Já dizia Nelson Rodrigues: “Se cada um soubesse o que o outro faz dentro de quatro paredes, ninguém se cumprimentava”. Essa sabedoria disseminada pelo escritor se mostra incontestável já que, quando o assunto é sexo, é impossível impor limites do que é “aceitável” e “saudável” ou não. O sexo é um chamado primitivo, uma evocação do seu instinto animal que clama por um gozo selvagem, é uma dança sincronizada cujo único objetivo é sentir e proporcionar prazer. Devido a tamanha subjetividade que envolve o ato, não há como gerar um manual de passo-a-passo ou estabelecer padrões a serem seguidos para chegar a esse prazer. É exatamente daí que vem a beleza da sua descoberta, daquela relação de pele, de química, que te ensandece e você não sabe explicar exatamente o porquê.

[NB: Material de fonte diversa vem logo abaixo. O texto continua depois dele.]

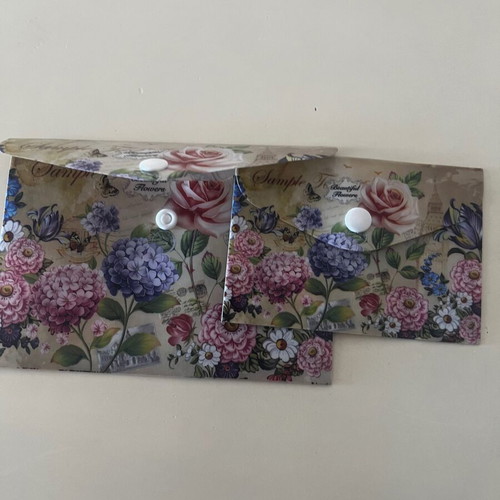 Folders used, pack of 26 with two smaller as gift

Partindo então desse princípio, me provoca revertérios quando vejo por aí um movimento de mulheres achando que só porque queimou sutiã não pode submeter-se a uma brincadeirinha de dominação na cama, mesmo quando se tem vontade. Querem encarnar a “feminista” na vida social, na cama, nas reuniões de condomínio… De maneira alguma defendo que as mulheres devem ser submissas ao homem, mas peraí: qual o problema de uma feminista ter desejos sexuais de submissão? Por que um tapa na cara consentido e, mais do que isso, desejado, pode soar como desrespeito e machismo?
Ao longo das últimas décadas, as mulheres foram protagonistas de várias conquistas importantíssimas das quais antes eram privadas. Da decisão de quando engravidar, da independência e dos direitos ao voto, ao controle do próprio corpo e à inserção no mercado de trabalho, por exemplo. Com isso, conquistamos a nossa liberdade de escolha. E acredito que escolher algo diferente de tudo aquilo que já foi conquistado não representa necessariamente um retrocesso.

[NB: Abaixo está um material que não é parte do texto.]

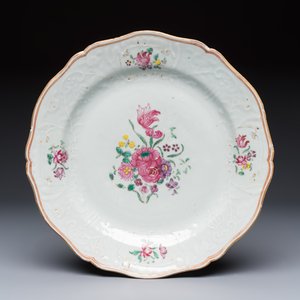 Two Chinese famille rose serving dishes and six plates with floral design, Qianlong — photo 8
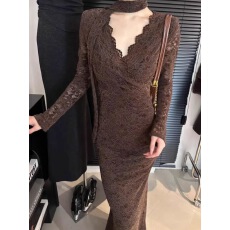 批发法式纯欲风蕾丝<b class='q'>连衣裙</b>女2026新款修身收腰辣妹包臀鱼尾长裙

Essa postura de tentar ser “feminista a todo o custo” se mostra retrógrada, já que segue o mesmo pensamento arcaico e machista da Roma Antiga. Naquela época, o sexo oral na mulher era impensável, por colocar o homem a serviço dela, já que ele precisava sempre dominar. Ou seja, antigamente uma posição social (homem macho fodão dominador) era repetida na cama (mulheres seres impróprios de receber sexo oral). Condenar uma mulher que escolhe ser submissa em relações sexuais é fazer a mesma coisa que os romanos faziam, é transportar uma posição social aos lençóis e tentar evitar que o ideal de relação igualitária proposto pelo feminismo seja quebrado na cama.
Conversando com algumas submissas no BDSM (Bondage, Disciplina, Dominação, Submissão, Sadismo e Masoquismo), pude ver que elas se sentem super feministas por ter total discernimento e liberdade ao decidir o que fazer com o próprio corpo. Elas podem até parecer passivas ali durante o ato, porém foi uma decisão delas estar lá, o que pode ou não ser feito com seus corpos e também a hora de parar.
Sendo assim, não tenha dúvidas de que mulheres submissas na cama são mais livres do que as adeptas do papai-mamãe, mas que são reféns – financeira ou moralmente – de seus maridos, namorados e companheiros. São mais livres que mulheres com pensamentos machistas, que se anulam e regulam o que vestem e com quem transam por puro temor do que os outros vão pensar. Ser feminista é muito mais que levantar uma bandeira. É ir contra a correnteza , sair do padrão, pensar fora da caixa, querer justiça e igualdade. É ir atrás de seus desejos. Por isso é, sim, possível ser dona de si própria, mesmo quando se está em um jogo de submissão.